1. Self-genotype effects

The “scan_neighbor()” also provides LOD scores for self QTL effects. This gives the same results as the Haley-Knott regression of standard QTL mapping.

plot_nei(colkas_scan, type="self")

colkas_scanone <- qtl::scanone(colkas_genoprob,
                            pheno.col=log(colkas$pheno$holes+1),
                            addcovar=as.matrix(colkas$pheno[,7:9]),
                            method="hk")
plot(colkas_scanone)

2. Composite interval mapping

The “addQTL” argument allows us to include non-focal QTLs as covariates. This option enables composite interval mapping (Jensen et al. 1993) that considers additional QTL effects.

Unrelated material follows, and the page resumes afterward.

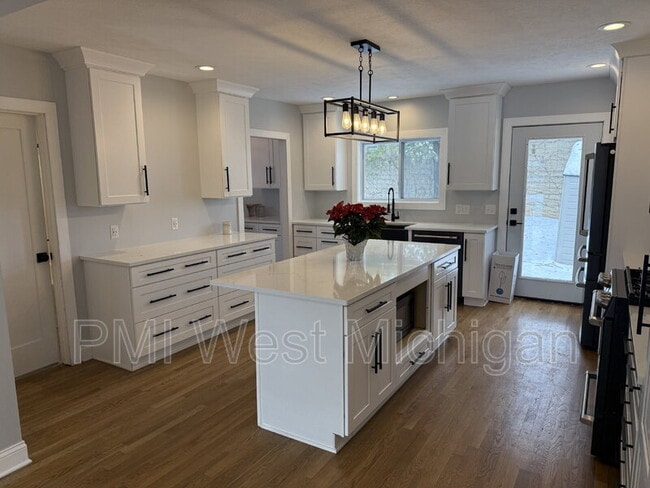 Photo - 1317 Morgan St NW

Here is an example code using the Col x Kas herbivory data, with the nga8 marker considered a covariate.

colkas_cim <- scan_neighbor(genoprobs=colkas_genoprob, 
                            pheno=log(colkas$pheno[,5]+1),
                            smap=smap_colkas, scale=7,
                            addcovar=as.matrix(colkas$pheno[,7:9]),
                            addQTL="c4_nga8"
                            )
plot_nei(colkas_cim)
3. Epistasis in neighbor QTL effects

For the analysis of epistasis, the “int_neighbor()” calculate LOD score of two-way interactions between a focal marker and the others. Here is an example code for the ‘nga8’ marker in the Col x Kas herbivory data.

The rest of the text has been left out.